God bless our native land, firm may she ever stand, through storm and night. When the wild tempests rave, Ruler of wind and wave, do Thou our country save, by Thy great might (ELH #602, verse 1).
That song, often sung during summer, is a prayer, isn’t it? A prayer for God’s help in the storms and darkness our nation faces, both the literal and the figurative.
Psalm 79 is usually used in the summer months. The traditional psalm for the fourth Sunday after Trinity, it is usually heard from late June to mid-July and is often paired with Christ’s words about the blind leading the blind and about seeing specks of sin in others while overlooking the logs of sin in ourselves (Luke 6:36-42).

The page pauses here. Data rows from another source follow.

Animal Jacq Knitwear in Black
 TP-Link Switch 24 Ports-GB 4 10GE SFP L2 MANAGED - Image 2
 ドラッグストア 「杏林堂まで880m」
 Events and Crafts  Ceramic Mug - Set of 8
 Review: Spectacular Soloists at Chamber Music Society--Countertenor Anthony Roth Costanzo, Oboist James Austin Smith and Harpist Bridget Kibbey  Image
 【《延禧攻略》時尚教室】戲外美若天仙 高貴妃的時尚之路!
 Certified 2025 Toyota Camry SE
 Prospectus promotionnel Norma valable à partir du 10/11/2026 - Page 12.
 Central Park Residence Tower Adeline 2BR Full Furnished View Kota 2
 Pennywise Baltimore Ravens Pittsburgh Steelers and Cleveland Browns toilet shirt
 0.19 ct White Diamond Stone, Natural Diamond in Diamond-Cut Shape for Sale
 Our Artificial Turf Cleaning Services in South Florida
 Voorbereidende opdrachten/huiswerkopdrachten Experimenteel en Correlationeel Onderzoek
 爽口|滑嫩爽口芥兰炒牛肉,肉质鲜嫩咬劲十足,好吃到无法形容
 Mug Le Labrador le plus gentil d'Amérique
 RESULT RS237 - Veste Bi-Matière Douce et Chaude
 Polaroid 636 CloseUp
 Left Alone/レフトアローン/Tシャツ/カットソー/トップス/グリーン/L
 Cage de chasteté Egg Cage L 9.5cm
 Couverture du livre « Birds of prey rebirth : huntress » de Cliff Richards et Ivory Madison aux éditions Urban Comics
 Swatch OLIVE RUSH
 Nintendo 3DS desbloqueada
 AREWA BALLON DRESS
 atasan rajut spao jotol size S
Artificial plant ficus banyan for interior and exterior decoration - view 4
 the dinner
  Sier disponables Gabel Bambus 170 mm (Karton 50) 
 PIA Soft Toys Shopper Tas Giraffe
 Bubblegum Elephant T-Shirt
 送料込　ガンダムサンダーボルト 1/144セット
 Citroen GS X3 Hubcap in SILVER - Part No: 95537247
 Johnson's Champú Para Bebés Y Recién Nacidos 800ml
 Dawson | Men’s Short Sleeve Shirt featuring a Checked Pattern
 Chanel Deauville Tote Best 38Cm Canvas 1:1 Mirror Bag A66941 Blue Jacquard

Written by Asaph, a contemporary of both David and Solomon, the psalm describes days of national calamity and defeat, days when wild tempests rave. Unbelieving forces profane God’s temple and slaughter God’s people…
O God, the nations have come into Your inheritance; Your holy temple they have defiled; They have laid Jerusalem in heaps. The dead bodies of Your servants— They have given as food for the birds of the heavens, The flesh of Your saints to the beasts of the earth. Their blood they have shed like water all around Jerusalem, And there was no one to bury them. We have become a reproach to our neighbors, A scorn and derision to those who are around us. (Psalm 79:1-4)
When Moses blessed the tribes of Israel just before he died, he said: Happy are you, O Israel! Who is like you, a people saved by the Lord, the shield of your help and the sword of your majesty (Deuteronomy 33:29).
But where would that shield be when Asaph prophesies of godless invaders? Why didn’t God unsheathe His sword to defend His people then?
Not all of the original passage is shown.